Somewhere after line 53 or so (where $comment_content is defined), insert the following code.
$ardTS1 = ( isset($_POST['ardTS1']) ) ? trim($_POST['ardTS1']) : 1;
$ardTS2 = ( isset($_POST['ardTS2']) ) ? trim($_POST['ardTS2']) : 2;
$ardTS = $ardTS2 - $ardTS1;
if ( $ardTS < 10000 ) {
// If the difference of the timestamps is not more than 10 seconds, exit
wp_die( __('<strong>ERROR</strong>: This site uses JavaScript validation to reduce comment spam. Either your browser has JavaScript disabled, or the comment was not legitimately submitted.') );
}
That’s it. Not so bad, right?
Final thoughts
One advantage to this method over the old PHP-only method is that even if the core file is replaced and the server-side validation is lost, the client-side validation continues to work, providing some measure of protection. The screen-shot at the beginning of the post shows the number of spam comments submitted to ardamis.com and detected by Akismet each day from the end of January, 2012, to the beginning of March, 2012. The dramatic drop-off around Jan 20 was when I implemented the method described in this post. The flare-up around Feb 20 was when I updated WordPress and forgot to replace the modified core file for about a week.

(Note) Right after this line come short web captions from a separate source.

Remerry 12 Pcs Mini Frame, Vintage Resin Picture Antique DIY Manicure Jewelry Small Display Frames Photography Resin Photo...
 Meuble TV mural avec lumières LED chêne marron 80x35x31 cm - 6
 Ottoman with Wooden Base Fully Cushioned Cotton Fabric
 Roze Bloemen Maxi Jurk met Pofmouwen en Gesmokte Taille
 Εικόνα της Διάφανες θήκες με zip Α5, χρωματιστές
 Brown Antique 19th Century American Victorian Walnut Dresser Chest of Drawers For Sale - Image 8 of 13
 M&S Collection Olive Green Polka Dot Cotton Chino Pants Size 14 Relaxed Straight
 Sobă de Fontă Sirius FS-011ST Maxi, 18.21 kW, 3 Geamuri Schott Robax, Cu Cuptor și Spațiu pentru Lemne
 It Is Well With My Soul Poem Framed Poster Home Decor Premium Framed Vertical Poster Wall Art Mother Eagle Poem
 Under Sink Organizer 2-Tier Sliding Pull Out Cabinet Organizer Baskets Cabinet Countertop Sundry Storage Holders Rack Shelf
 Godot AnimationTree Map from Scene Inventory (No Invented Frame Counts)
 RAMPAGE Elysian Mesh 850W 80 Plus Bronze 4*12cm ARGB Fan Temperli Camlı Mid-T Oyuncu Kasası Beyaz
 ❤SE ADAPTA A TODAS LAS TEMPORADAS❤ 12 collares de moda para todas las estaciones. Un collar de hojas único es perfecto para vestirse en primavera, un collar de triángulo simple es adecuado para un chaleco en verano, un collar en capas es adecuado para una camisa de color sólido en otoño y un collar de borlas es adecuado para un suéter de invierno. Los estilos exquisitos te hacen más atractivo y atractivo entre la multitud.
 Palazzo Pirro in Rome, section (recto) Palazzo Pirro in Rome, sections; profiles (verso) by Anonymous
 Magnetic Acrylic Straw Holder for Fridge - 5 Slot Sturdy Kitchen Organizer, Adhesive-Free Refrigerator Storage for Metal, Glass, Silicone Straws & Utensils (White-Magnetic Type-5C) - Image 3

Now, for a little extra protection, you can rename the wp-comments-post.php file and change the path in the comment form’s action attribute. I’ve posted logs showing that some bots just try to post spam directly to the wp-comments-post.php file, so renaming that file is an easy way to cut down on spam. Just remember to come back and delete the wp-comments-post.php file each time you update WordPress.